There is an example and code listing in the PDF I attached in earlier post.
This app note is good too:
App Note showing trigger model use - production test - fast throughput
Even for transfer curve, “sweeping” both gate and drain with trigger model task can give fast test speed.
If wanting a drain bias condition rather than a sweep, just make start equal to stop and number of steps same as the sweeping channel (gate). You’ll get an Ids at constant Vds for each Vgs value.
Sometimes you might want to do your own loop rather than use the trigger model sweep or list sweep. So what you have implemented is totally reasonable.
But if you judge it is taking too long to execute consider some revisions.
With the code you have now, each time your Python function is called, a lot of commands are sent to the SMUs. What’s in the Keithley_get()? Even more commands for the measurements?
All that is consuming time.
step 1: don’t execute setup commands needlessly. Same for reset. This costs time.
step 2: make a “apply configuration to SMU” function. Call it only when a setting is changing/prior to first run
step 3: make a run_it() function. Maybe clear buffers, output on, trigger.initiate(), <determine done>, printbuffers, output off - Next DUT
If you install these functions in the runtime memory of the SMUs, then the amount of characters across the bus between Python and the instrument can be vastly reduced and your speed further improved. You just need to VISA write the name of your functions to execute the code on the instrument. Big speed improvement!

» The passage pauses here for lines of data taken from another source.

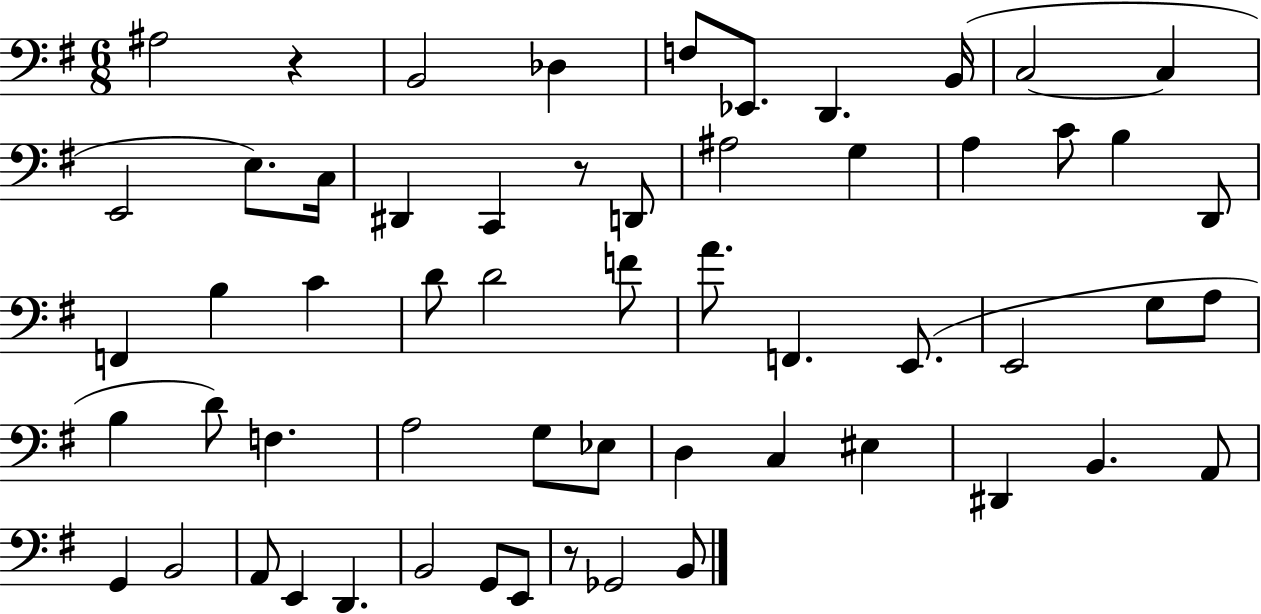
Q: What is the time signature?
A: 6/8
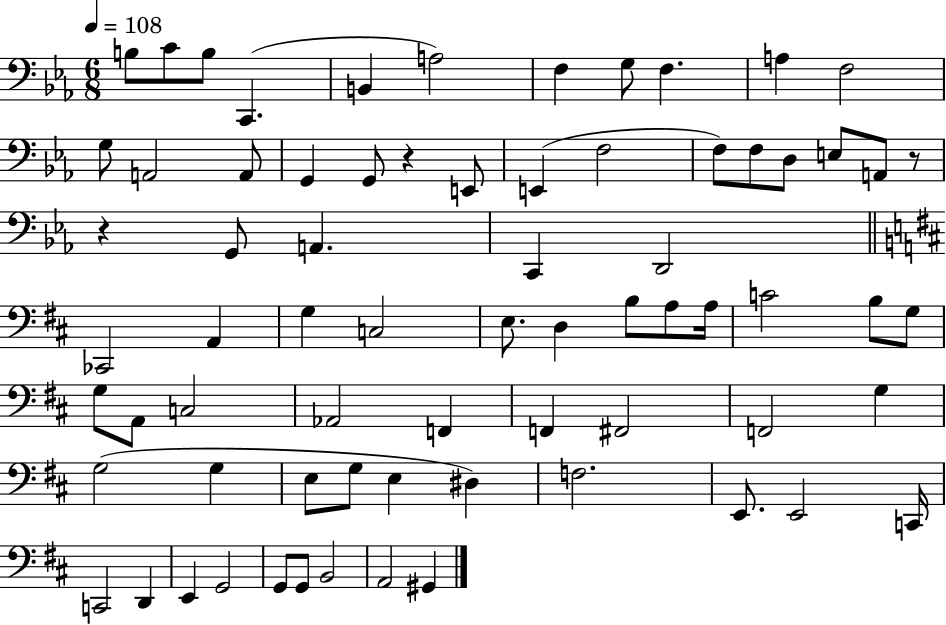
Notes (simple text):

B3/e C4/e B3/e C2/q. B2/q A3/h F3/q G3/e F3/q. A3/q F3/h G3/e A2/h A2/e G2/q G2/e R/q E2/e E2/q F3/h F3/e F3/e D3/e E3/e A2/e R/e R/q G2/e A2/q. C2/q D2/h CES2/h A2/q G3/q C3/h E3/e. D3/q B3/e A3/e A3/s C4/h B3/e G3/e G3/e A2/e C3/h Ab2/h F2/q F2/q F#2/h F2/h G3/q G3/h G3/q E3/e G3/e E3/q D#3/q F3/h. E2/e. E2/h C2/s C2/h D2/q E2/q G2/h G2/e G2/e B2/h A2/h G#2/q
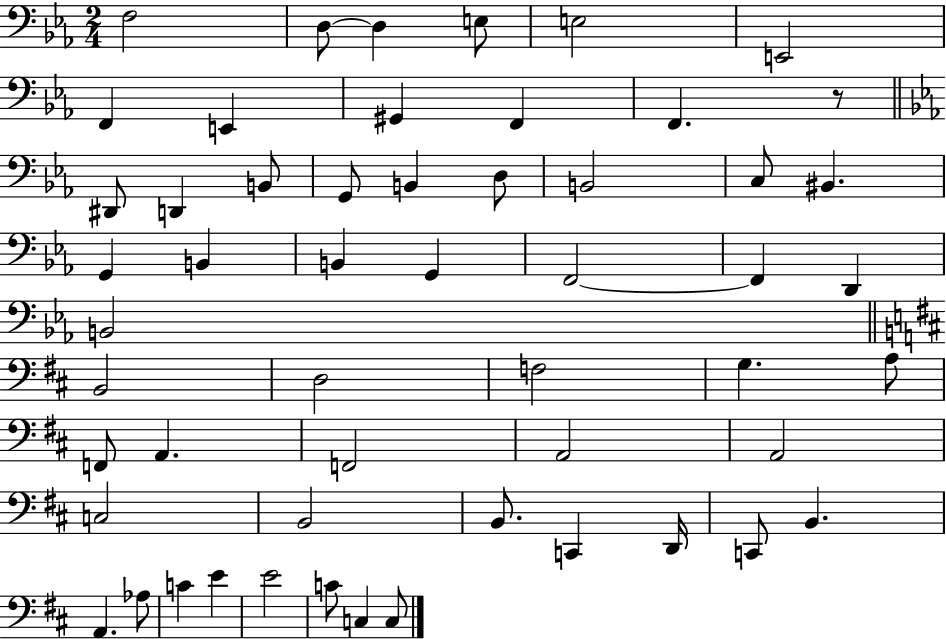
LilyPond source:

{
  \clef bass
  \numericTimeSignature
  \time 2/4
  \key ees \major
  \repeat volta 2 { f2 | d8~~ d4 e8 | e2 | e,2 | \break f,4 e,4 | gis,4 f,4 | f,4. r8 | \bar "||" \break \key ees \major dis,8 d,4 b,8 | g,8 b,4 d8 | b,2 | c8 bis,4. | \break g,4 b,4 | b,4 g,4 | f,2~~ | f,4 d,4 | \break b,2 | \bar "||" \break \key d \major b,2 | d2 | f2 | g4. a8 | \break f,8 a,4. | f,2 | a,2 | a,2 | \break c2 | b,2 | b,8. c,4 d,16 | c,8 b,4. | \break a,4. aes8 | c'4 e'4 | e'2 | c'8 c4 c8 | \break } \bar "|."
}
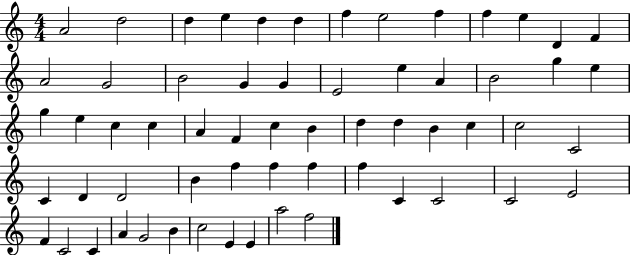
{
  \clef treble
  \numericTimeSignature
  \time 4/4
  \key c \major
  a'2 d''2 | d''4 e''4 d''4 d''4 | f''4 e''2 f''4 | f''4 e''4 d'4 f'4 | \break a'2 g'2 | b'2 g'4 g'4 | e'2 e''4 a'4 | b'2 g''4 e''4 | \break g''4 e''4 c''4 c''4 | a'4 f'4 c''4 b'4 | d''4 d''4 b'4 c''4 | c''2 c'2 | \break c'4 d'4 d'2 | b'4 f''4 f''4 f''4 | f''4 c'4 c'2 | c'2 e'2 | \break f'4 c'2 c'4 | a'4 g'2 b'4 | c''2 e'4 e'4 | a''2 f''2 | \break \bar "|."
}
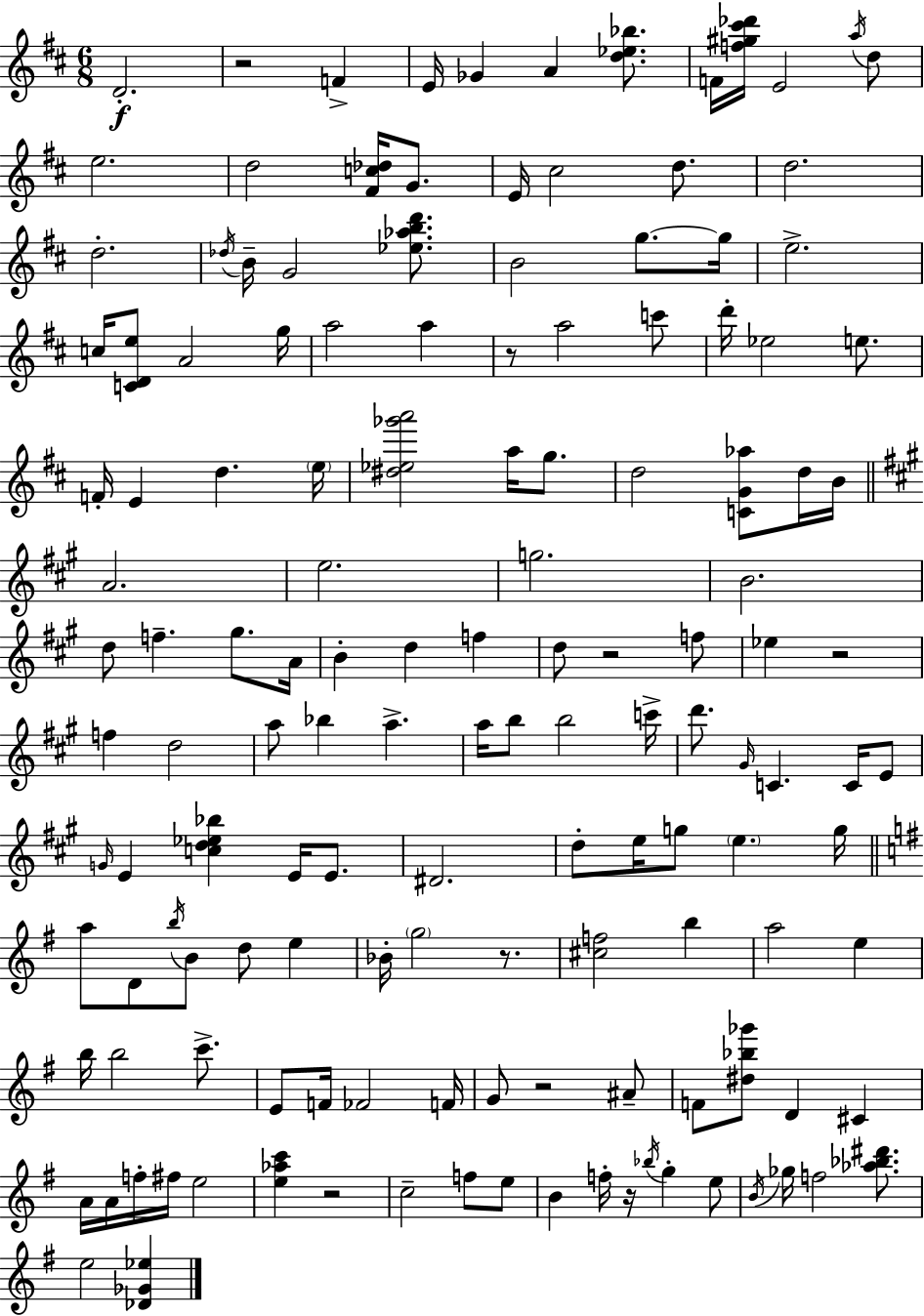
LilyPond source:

{
  \clef treble
  \numericTimeSignature
  \time 6/8
  \key d \major
  d'2.-.\f | r2 f'4-> | e'16 ges'4 a'4 <d'' ees'' bes''>8. | f'16 <f'' gis'' cis''' des'''>16 e'2 \acciaccatura { a''16 } d''8 | \break e''2. | d''2 <fis' c'' des''>16 g'8. | e'16 cis''2 d''8. | d''2. | \break d''2.-. | \acciaccatura { des''16 } b'16-- g'2 <ees'' aes'' b'' d'''>8. | b'2 g''8.~~ | g''16 e''2.-> | \break c''16 <c' d' e''>8 a'2 | g''16 a''2 a''4 | r8 a''2 | c'''8 d'''16-. ees''2 e''8. | \break f'16-. e'4 d''4. | \parenthesize e''16 <dis'' ees'' ges''' a'''>2 a''16 g''8. | d''2 <c' g' aes''>8 | d''16 b'16 \bar "||" \break \key a \major a'2. | e''2. | g''2. | b'2. | \break d''8 f''4.-- gis''8. a'16 | b'4-. d''4 f''4 | d''8 r2 f''8 | ees''4 r2 | \break f''4 d''2 | a''8 bes''4 a''4.-> | a''16 b''8 b''2 c'''16-> | d'''8. \grace { gis'16 } c'4. c'16 e'8 | \break \grace { g'16 } e'4 <c'' d'' ees'' bes''>4 e'16 e'8. | dis'2. | d''8-. e''16 g''8 \parenthesize e''4. | g''16 \bar "||" \break \key e \minor a''8 d'8 \acciaccatura { b''16 } b'8 d''8 e''4 | bes'16-. \parenthesize g''2 r8. | <cis'' f''>2 b''4 | a''2 e''4 | \break b''16 b''2 c'''8.-> | e'8 f'16 fes'2 | f'16 g'8 r2 ais'8-- | f'8 <dis'' bes'' ges'''>8 d'4 cis'4 | \break a'16 a'16 f''16-. fis''16 e''2 | <e'' aes'' c'''>4 r2 | c''2-- f''8 e''8 | b'4 f''16-. r16 \acciaccatura { bes''16 } g''4-. | \break e''8 \acciaccatura { b'16 } ges''16 f''2 | <aes'' bes'' dis'''>8. e''2 <des' ges' ees''>4 | \bar "|."
}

I also encourage you to make use of tsp-link so that your Python code only needs connection to one instrument. Over tsp-link you will have node[2].smua and node[2].smub rather than a second VISA session to an instrument.
Last on buffer size: how many samples do you need? In the rare case that nvbuffers are not large enough, you can allocate runtime memory to be an even larger buffer. If you are getting past 100K samples to be transferred, take a look at binary xfer to reduce bus traffic for the data to PC xfer to again reduce time to do the task.